By Air: Berlin has two major airports. Berlin Brandenburg Airport (BER), located 18 kilometres southeast of the city centre in the Schönefeld district, opened in 2020 after years of delays and now handles all commercial flights. It has two terminals (T1 and T2) connected by a people mover. The Flughafen-Express (FEX) runs from BER to Berlin Hauptbahnhof (central station) every 30 minutes, taking about 30 minutes. The S-Bahn S9 also connects BER to the city centre, running via Alexanderplatz and Friedrichstrasse. Taxis from BER to the city centre cost around €40–€50. Berlin's older Tegel Airport (TXH) was closed in 2020 when BER opened. Note that the Ryanair-style low-cost carriers often use the smaller Berlin Brandenburg Terminal 5 (the former Schönefeld building), which requires a separate shuttle bus from the main terminal area.

By Train: Berlin is a major hub on the European rail network, with high-speed ICE services connecting to Hamburg (1h 45m), Munich (4h), Frankfurt (3h 30m), and Cologne (3h 45m). International services connect to Prague (4h 30m), Vienna (9h), Amsterdam (6h 15m), and Warsaw (5h 30m). Berlin's main long-distance station is Berlin Hauptbahnhof (central station), a massive glass-and-steel building opened in 2006 that handles the majority of ICE and international services. A second major station, Berlin Ostbahnhof, handles some international services and regional trains to the east. The Berlin Sudkreuz (South Cross) station handles services to the south and southwest.

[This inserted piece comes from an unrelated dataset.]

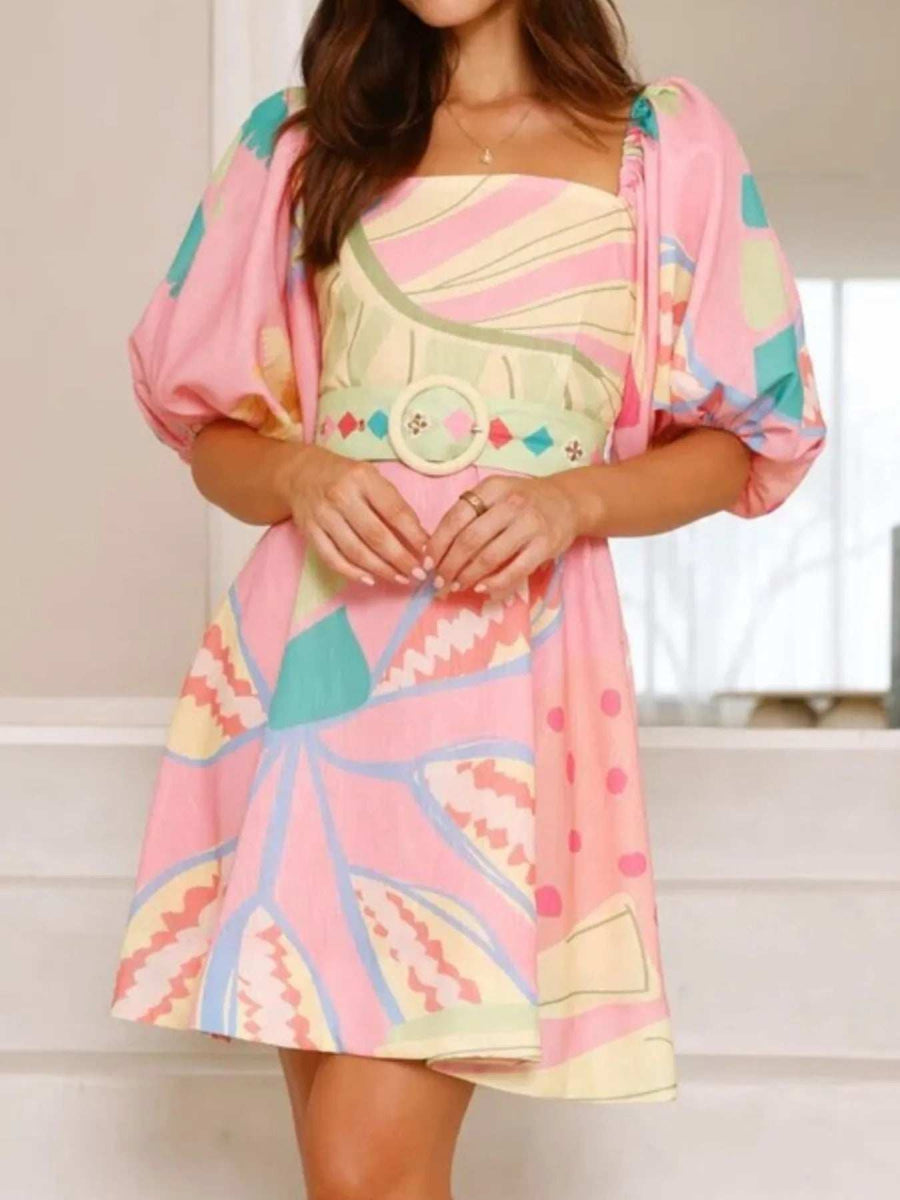 Colorful Print Belted Mini Dress with Puff Sleeves - Trendsi - Flyclothing LLC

For cross-city travel within Berlin, the S-Bahn (surface rail) and U-Bahn (underground) networks are comprehensive; the Ringbahn (circular line) circling the inner city is particularly useful for moving between districts without going through the centre.

Getting Around the City: Berlin's public transport network is one of the best in Europe — a combination of the U-Bahn (underground, 10 lines), the S-Bahn (surface rail, 16 lines including the circular Ringbahn), trams, and buses that can take you to virtually any point in the city. A single journey costs €3.00 with the BVG (Berlin Transport Authority) app or a chip card, or €3.40 in cash on buses. The most useful ticket for visitors is the Tagesticket (day ticket) at €8.80, valid for unlimited travel on all BVG transport in the AB zones (covering the inner city and most tourist destinations) for one day. The 7-Tage-Karte (7-day travel card) at €36.20 is better value for stays of a week or more. The Berlin WelcomeCard (available from tourist offices and tobacconists) offers travel plus discounts on major museums and attractions. Berlin is also an excellent cycling city — a flat terrain, an extensive network of bike lanes, and bike rental companies everywhere make cycling one of the most pleasant ways to explore the city. Taxis are relatively cheap by European standards (a short journey within the city costs around €10–€15), and Uber and Bolt operate throughout the city.

Travel Tips & Practical Info

Where to Next?

Berlin's central position in Northern Europe makes it an ideal base for exploring the region. The direct rail connections are particularly strong: a high-speed train north takes you to Hamburg in under two hours — the Hanseatic city on the Elbe with its distinctive harbour, the Reeperbahn nightlife district, and a food scene that has quietly become one of Germany's most interesting. East by rail, Prague is four and a half hours away — one of Europe's most beautiful cities, its Gothic and Baroque architecture lit dramatically along the Vltava River, and a beer culture that has to be experienced to be believed. For the most culturally coherent next step, consider the train southwest to Vienna — the Austrian capital is about nine hours by direct rail, passing through the landscapes of Saxony and Bohemia, and arriving in a city that is in many ways Berlin's more elegant, more resolved counterpart.